AquaB’s patented nano-bubble/droplet generation methods are based on electrostriction phenomena induced by application of electric fields, which “suck in” gas/minority-phase molecules into the mother solvent – in a very low-energy way, that is suited ideally for remote off-Grid, solar-with-battery-powered generation of the “nano-phase”, as we might usefully dub it.
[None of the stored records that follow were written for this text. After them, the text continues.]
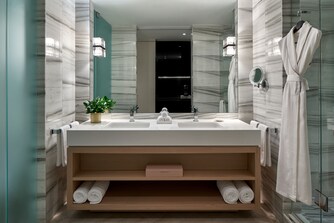 Meuble de toilette avec lavabo en marbre dans une salle de bain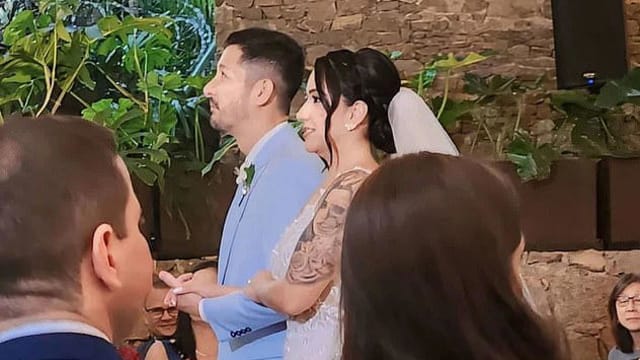 刚完婚新郎被网红开车撞死 婚礼变忌日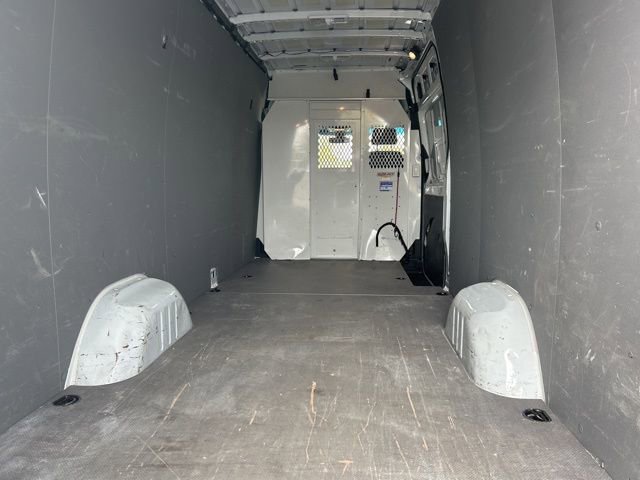 Used 2024 Mercedes-Benz Sprinter 2500 image 13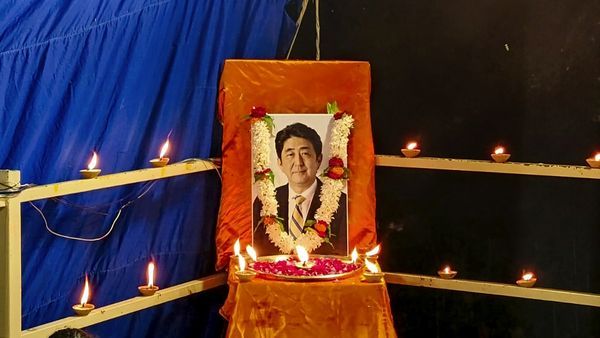 शिंजो आबे के हत्यारे पर दर्ज हुआ हत्या का मुकदमा, पुलिस ने अब सारी असलियत बताई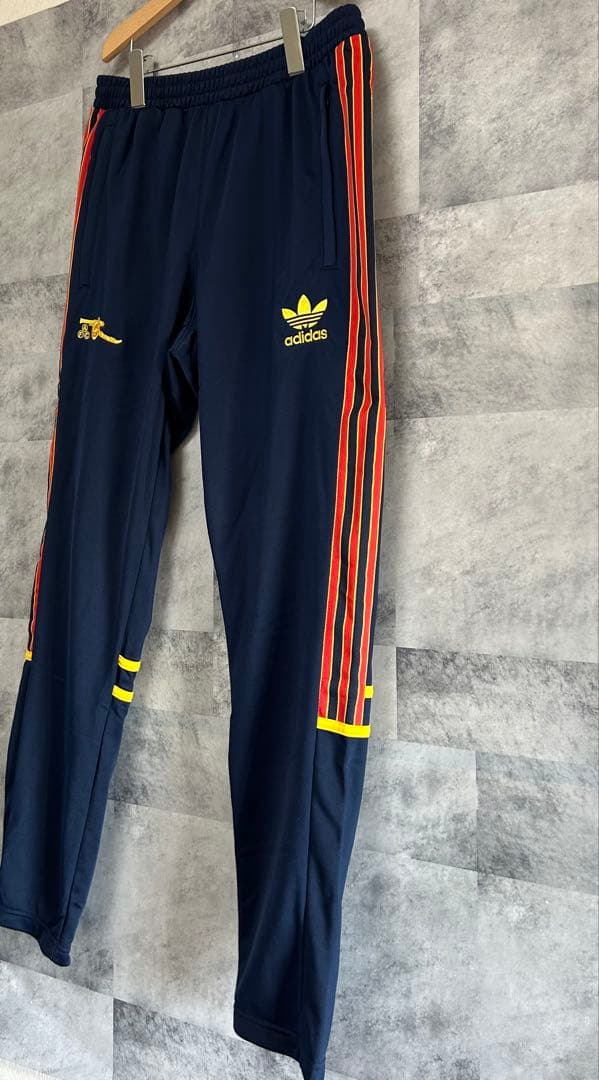 新品　アディダスadidas アーセナルFC トラックパンツ スリーストライプ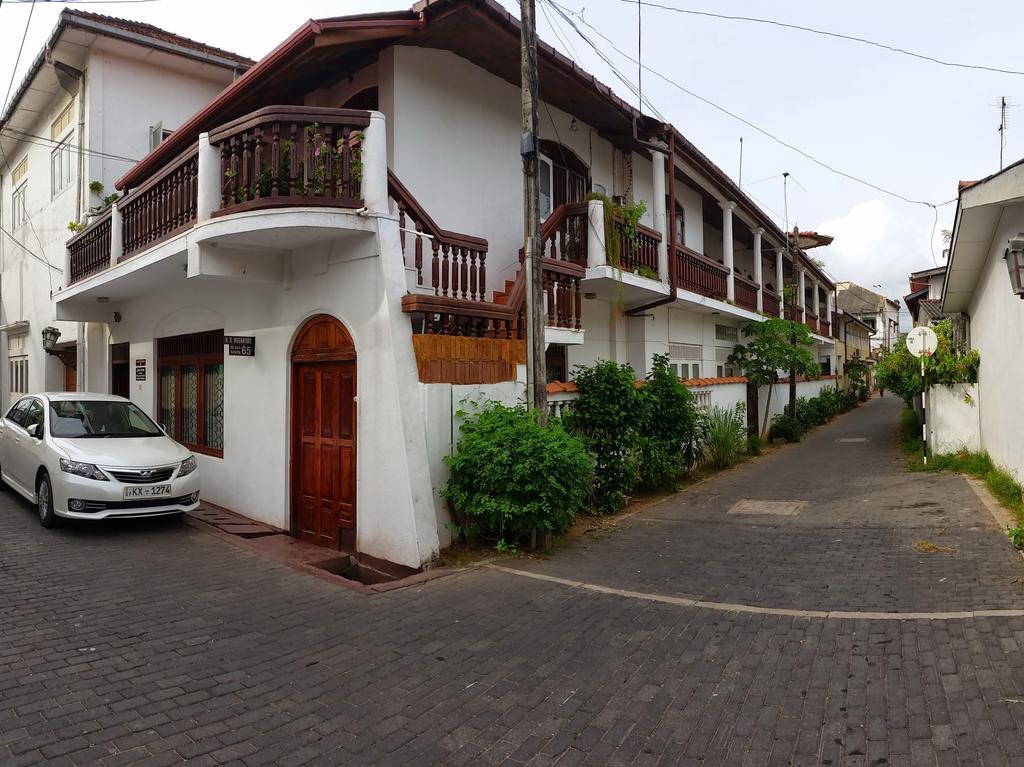 Wijenayake'S - Beach Haven Guest House - Galle Fort エクステリア 写真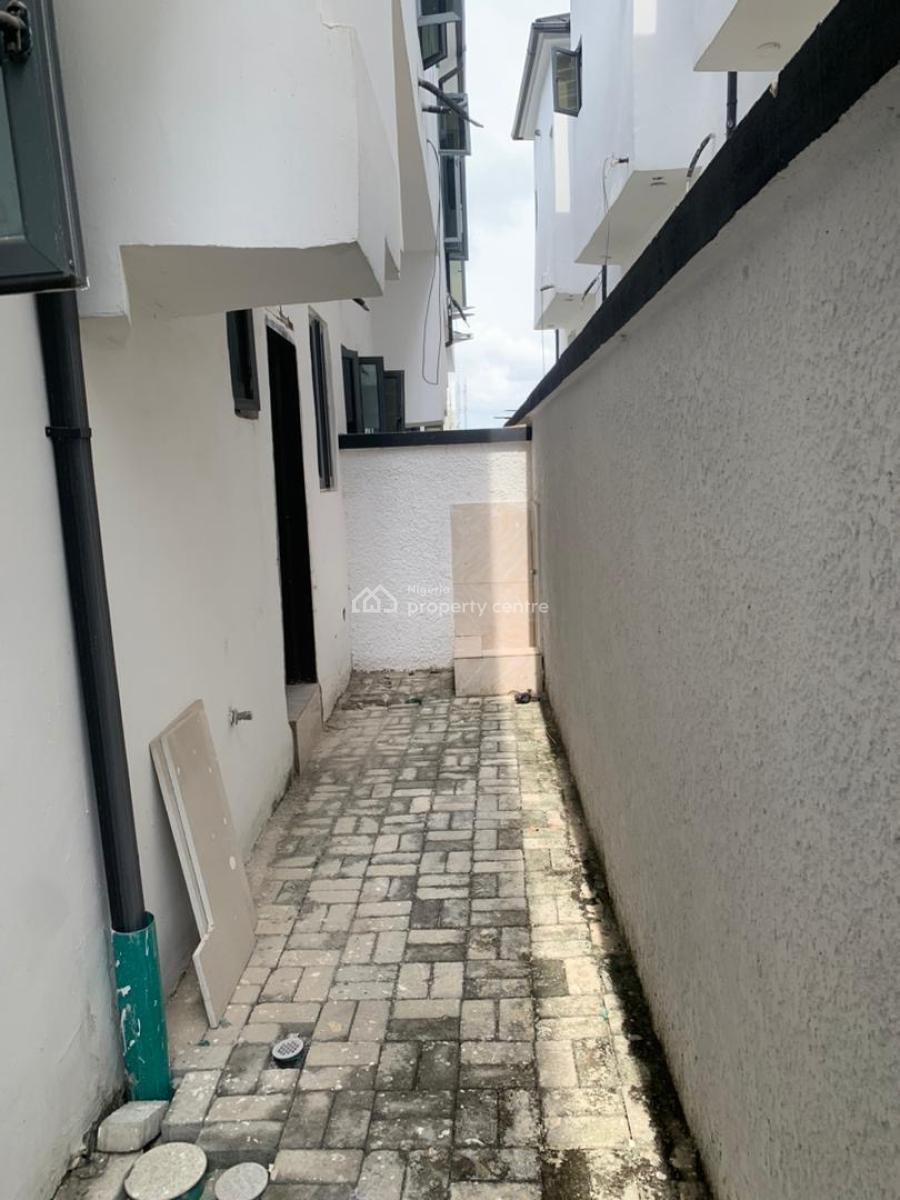 Luxury 4 Bedroom Terrace in a Serene Estate, Harris Drive, Vgc, Lekki Expressway, Lekki, Lagos, Terraced Duplex for Rent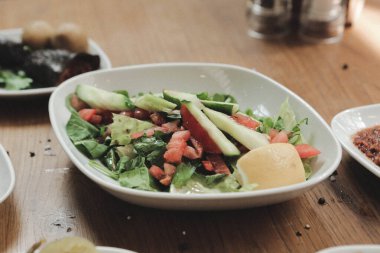 Geleneksel Türk ve Yunan yemek meze masası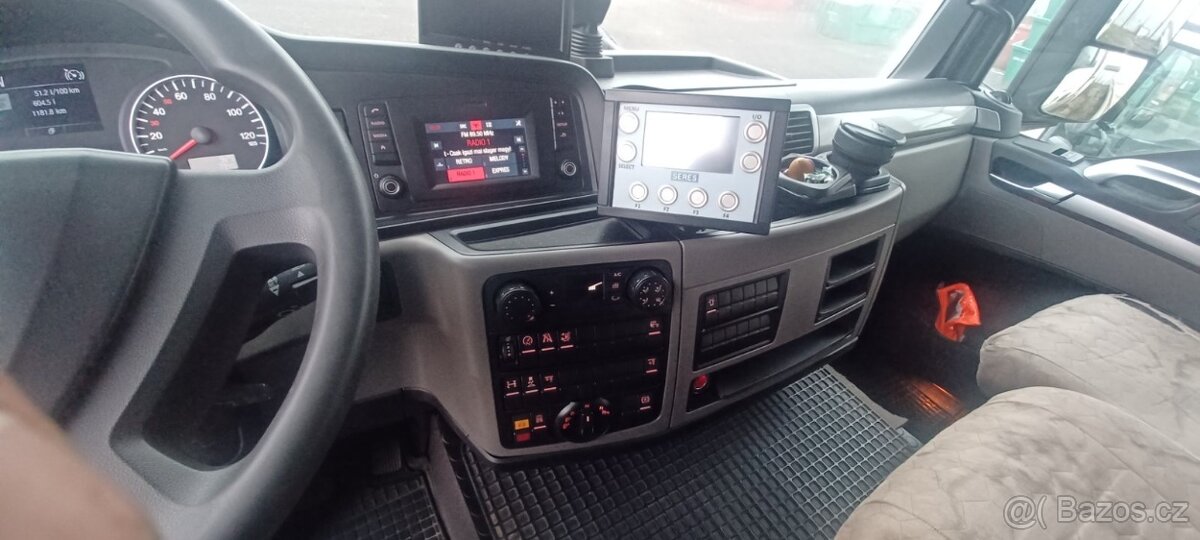 Popelářské auto MAN - 9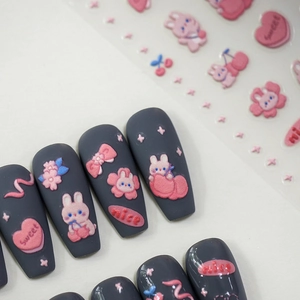 Adesivi per unghie 5D con coniglietti rosa, cuori e fiocchi su unghie finte grigie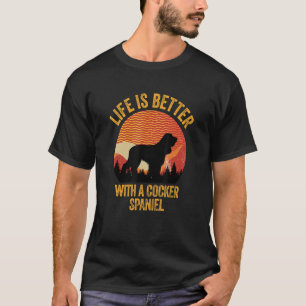 Met een dekmantel-spaniel-kool-terugloop t-shirt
This uptake is often species-selective/preferential, so we can effect good levels of gas separation/enrichment, for instance; a concrete example is oxygen enrichment from (ambient-pressure) air to about two-thirds the composition (versus nitrogen) in NB form, whereas it is one-fifth in air.
Some essentially industry unique advantages are as follows:
- Very energy-efficient.
- Species-selective formation of the ‘nano-phase’ (whether droplets or bubbles) – e.g., two-thirds oxygen from one fifth in air.
- Ability to retro-fit and increase the capacity of any existing (footprint-constrained) plant.
- No moving parts (and contamination of process fluid with lubricants and metal nanoparticles from moving parts).
- Readily amenable to scale-up and continuous-mode flow operation.
- Portable, with ease of shipping nanobubble-generation equipment (e.g., skid-mounted, deployment on floating island – vide infra).
- Additive-free.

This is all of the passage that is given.